I like the festive descants. They were always good for surprising the people singing next to you at carol concerts. I think it's very difficult to sing the proper melody when the person alongside is doing the 'Oh come' bits. I remember in the school choir one time when I accidentally got in among the alto section and they glared at me something chronic for throwing them all off with the soprano bits. I imagine that's a bit like what happens when Celtic supporters accidentally get into the Rangers bits and vice versa, only a touch more decorous. The altos always had it in for the sopranos slightly anyway, presumably because they never got to sing the melody except for that one line in 'Bridge Over Troubled Water' when they carry the tune for 'Sail on silver girl' and the sopranos get to do the harmony. I don't think they've anything to complain about. They get to sing harmonies underneath the melody, which is a great thing to be doing. I love harmony. I love that guitars enable you to play melody and harmony and bass all at the same time. Guitars are so great. Oh goodness they played 'Blue Moon' at me in a music shop today. It was awful. I'd forgotten how much I hate the stupid noises section of 'Blue Moon'. It does actually make me want to pop my eardrums with screwdrivers. I think I did very well not to cry.

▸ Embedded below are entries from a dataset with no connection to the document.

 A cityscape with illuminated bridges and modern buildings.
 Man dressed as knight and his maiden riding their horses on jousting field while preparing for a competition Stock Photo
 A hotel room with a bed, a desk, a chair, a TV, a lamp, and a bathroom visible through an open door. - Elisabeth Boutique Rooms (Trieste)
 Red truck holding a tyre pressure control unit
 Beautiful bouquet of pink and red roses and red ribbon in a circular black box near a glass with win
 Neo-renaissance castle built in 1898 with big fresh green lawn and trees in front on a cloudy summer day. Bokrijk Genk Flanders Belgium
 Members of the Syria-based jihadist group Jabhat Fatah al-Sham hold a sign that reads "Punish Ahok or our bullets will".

I'm still pretending my brother's going to come home for Christmas and surprise us all, and then I'll go out and buy him a mince pie. Do not disabuse me of this notion. He was supposed to 'phone us this morning, but he didn't. I don't know what happened. Presumably he couldn't find a student to translate for him at the exchange. I can't quite believe the university won't let him have use of a telephone. Beasts. It made me momentarily distinctly sad, because I was getting used to his being away until I was forced to think about it properly, and I've not heard his voice since he left in September or whenever it was. Which is why I felt it very remarkable that I was so festive a couple of hours later, but that happens all the time. I go through ten moods in an hour, one of which is generally panicking exhaustion at considering that I've gone through ten moods in an hour. It makes it difficult to do emo angst posts, because I get all keyed up to write one then I think about doing a bit of a short story I've been working on and then I start thinking how great writing is and then I think how silly the angsting was. Then come the evening I'll be thinking writing is not great enough to mitigate for my having missed three or four opportunities to pass into adult life and not continue with this 17 year long status quo thing I've got going on, but then I'm usually too tired to write the post, which is just as well because come morning I'll be going ooh at the Christmas decorations in the front room and laughing at somebody's silly looking dog and being really glad I didn't make the post again.
Now then. Do I want to eat stollen this year? I always find it so disappointing.